[Web page caption snippets]
- Opening Delimiter -

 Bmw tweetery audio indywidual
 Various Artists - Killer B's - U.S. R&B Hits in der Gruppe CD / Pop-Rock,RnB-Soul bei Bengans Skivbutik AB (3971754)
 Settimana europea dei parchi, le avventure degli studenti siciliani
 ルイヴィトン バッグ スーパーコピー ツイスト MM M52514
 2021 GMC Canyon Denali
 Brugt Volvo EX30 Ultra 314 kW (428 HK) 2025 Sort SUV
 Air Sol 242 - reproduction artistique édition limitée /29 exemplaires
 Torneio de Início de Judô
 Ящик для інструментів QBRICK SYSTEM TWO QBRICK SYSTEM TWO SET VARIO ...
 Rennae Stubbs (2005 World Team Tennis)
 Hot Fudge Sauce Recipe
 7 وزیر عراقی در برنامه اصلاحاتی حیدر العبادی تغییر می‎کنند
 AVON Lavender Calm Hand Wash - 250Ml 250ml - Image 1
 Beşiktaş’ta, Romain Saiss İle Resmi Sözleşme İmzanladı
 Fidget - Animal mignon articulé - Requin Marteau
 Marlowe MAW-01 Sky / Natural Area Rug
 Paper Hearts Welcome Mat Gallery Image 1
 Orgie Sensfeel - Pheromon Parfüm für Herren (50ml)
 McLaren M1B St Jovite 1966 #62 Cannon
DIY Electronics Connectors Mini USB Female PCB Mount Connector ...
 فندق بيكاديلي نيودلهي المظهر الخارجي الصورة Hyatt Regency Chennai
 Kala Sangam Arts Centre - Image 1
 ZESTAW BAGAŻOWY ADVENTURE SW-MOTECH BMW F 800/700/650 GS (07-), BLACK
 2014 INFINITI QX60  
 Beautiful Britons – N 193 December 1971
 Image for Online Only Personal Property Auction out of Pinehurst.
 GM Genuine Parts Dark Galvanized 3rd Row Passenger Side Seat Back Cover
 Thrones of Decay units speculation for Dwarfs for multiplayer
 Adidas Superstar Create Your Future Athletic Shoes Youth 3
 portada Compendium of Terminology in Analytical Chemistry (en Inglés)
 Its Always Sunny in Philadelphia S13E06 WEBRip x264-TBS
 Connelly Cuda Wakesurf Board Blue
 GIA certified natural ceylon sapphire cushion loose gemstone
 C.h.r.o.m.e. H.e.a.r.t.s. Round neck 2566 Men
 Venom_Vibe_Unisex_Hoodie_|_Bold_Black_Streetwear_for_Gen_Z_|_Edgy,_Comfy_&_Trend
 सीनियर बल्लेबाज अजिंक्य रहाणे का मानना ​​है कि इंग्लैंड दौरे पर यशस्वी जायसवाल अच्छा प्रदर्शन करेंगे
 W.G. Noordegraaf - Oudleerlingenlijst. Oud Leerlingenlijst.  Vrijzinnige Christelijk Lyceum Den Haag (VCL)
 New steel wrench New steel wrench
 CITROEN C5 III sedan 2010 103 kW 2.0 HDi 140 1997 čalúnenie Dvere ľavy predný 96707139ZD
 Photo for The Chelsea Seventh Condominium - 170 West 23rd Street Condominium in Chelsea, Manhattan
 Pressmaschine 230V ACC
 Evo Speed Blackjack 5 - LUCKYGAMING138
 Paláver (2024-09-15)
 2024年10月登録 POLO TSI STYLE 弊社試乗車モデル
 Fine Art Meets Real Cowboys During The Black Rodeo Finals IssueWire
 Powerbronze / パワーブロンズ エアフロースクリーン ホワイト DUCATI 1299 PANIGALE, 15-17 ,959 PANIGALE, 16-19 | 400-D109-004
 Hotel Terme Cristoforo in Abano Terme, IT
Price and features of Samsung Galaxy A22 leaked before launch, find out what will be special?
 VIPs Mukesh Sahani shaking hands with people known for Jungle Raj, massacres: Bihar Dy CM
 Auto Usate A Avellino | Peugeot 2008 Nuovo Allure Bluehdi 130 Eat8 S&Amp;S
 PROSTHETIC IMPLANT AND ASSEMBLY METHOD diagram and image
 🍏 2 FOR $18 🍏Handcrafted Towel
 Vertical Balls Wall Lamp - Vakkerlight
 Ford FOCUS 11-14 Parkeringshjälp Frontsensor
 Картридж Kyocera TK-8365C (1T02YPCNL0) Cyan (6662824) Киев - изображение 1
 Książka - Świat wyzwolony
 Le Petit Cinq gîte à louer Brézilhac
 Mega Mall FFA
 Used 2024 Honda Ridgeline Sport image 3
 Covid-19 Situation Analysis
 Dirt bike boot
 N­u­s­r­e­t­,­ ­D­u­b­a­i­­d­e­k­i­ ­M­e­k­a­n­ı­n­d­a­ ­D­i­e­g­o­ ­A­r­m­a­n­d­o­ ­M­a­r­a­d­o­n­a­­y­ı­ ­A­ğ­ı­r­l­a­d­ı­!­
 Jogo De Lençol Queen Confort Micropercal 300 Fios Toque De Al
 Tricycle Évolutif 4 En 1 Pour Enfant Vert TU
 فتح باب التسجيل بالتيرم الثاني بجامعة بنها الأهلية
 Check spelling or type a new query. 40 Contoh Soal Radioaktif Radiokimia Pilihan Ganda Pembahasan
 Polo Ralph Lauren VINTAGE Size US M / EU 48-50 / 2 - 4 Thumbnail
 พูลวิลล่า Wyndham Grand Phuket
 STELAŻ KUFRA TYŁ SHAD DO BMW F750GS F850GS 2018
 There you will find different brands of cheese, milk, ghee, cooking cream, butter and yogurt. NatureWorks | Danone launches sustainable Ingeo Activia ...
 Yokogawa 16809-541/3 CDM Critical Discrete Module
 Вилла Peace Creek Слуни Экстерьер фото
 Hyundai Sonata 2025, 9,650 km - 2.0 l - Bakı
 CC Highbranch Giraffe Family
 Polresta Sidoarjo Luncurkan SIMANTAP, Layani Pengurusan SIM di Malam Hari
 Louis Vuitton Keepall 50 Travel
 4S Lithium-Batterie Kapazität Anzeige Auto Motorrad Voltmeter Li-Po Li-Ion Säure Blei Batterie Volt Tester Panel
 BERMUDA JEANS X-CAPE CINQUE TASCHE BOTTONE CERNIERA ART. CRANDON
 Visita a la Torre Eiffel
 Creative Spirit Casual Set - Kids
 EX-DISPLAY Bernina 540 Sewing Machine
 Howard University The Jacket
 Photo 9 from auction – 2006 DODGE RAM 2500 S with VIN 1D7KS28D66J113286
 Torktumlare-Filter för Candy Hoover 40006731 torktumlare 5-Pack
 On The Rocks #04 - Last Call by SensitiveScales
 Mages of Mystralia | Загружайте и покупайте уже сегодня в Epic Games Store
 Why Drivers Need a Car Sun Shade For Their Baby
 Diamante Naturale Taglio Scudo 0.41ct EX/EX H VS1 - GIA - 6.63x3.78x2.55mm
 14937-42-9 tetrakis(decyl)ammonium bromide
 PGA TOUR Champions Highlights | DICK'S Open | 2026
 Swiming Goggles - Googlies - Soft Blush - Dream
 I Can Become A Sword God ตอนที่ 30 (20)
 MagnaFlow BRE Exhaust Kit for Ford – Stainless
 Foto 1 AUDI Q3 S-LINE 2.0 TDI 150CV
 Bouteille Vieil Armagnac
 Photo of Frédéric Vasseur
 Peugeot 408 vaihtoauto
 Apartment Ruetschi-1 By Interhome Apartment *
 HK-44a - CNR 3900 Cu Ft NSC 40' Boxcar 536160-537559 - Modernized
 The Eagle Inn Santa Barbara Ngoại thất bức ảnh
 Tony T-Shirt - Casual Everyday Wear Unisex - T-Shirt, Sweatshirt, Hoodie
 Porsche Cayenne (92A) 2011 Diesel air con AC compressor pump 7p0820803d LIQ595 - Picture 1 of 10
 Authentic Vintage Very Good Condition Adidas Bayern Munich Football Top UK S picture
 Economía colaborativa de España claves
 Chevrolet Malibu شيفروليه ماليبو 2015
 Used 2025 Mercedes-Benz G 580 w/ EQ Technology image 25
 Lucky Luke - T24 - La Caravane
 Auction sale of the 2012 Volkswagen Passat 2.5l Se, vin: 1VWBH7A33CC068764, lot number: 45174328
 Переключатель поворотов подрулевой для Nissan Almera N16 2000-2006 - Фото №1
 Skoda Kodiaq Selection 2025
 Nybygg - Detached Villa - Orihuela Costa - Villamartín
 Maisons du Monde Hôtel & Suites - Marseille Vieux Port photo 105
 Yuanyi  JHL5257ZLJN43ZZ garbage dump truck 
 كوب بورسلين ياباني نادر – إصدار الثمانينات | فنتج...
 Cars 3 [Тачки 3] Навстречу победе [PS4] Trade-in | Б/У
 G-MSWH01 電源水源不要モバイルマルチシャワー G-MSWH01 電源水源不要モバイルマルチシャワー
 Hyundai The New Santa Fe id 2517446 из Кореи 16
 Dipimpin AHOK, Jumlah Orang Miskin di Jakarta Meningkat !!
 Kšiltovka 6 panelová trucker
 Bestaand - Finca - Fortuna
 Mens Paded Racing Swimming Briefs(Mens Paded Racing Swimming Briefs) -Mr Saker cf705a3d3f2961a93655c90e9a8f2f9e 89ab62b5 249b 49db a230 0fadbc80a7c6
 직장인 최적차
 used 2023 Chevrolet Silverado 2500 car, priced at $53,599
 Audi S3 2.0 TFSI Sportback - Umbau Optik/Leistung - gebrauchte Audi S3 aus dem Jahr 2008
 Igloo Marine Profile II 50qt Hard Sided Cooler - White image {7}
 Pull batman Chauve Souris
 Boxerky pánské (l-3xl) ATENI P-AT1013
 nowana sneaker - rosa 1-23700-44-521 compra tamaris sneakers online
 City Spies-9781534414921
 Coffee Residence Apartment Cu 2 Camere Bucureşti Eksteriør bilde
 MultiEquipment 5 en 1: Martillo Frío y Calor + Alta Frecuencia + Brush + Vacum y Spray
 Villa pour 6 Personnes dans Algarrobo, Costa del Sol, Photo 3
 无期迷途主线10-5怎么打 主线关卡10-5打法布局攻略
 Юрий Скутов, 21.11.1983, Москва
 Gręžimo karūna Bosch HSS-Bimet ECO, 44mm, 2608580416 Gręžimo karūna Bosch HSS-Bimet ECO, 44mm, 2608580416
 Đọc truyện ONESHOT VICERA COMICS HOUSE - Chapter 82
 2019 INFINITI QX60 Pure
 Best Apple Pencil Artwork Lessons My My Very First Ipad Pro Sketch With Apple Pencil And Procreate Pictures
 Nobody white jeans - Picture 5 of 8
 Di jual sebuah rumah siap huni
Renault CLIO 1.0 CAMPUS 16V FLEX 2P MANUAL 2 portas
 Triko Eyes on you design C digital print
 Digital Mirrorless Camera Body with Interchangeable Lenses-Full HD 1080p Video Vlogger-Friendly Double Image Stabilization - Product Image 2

- Closing Delimiter -

▶ _WHAT YOU SHOULD DO_
Pull out all lines from the entries above in which the word "Casual" appears.

▶ _RESPONSE AREA_
 Creative Spirit Casual Set - Kids
 Tony T-Shirt - Casual Everyday Wear Unisex - T-Shirt, Sweatshirt, Hoodie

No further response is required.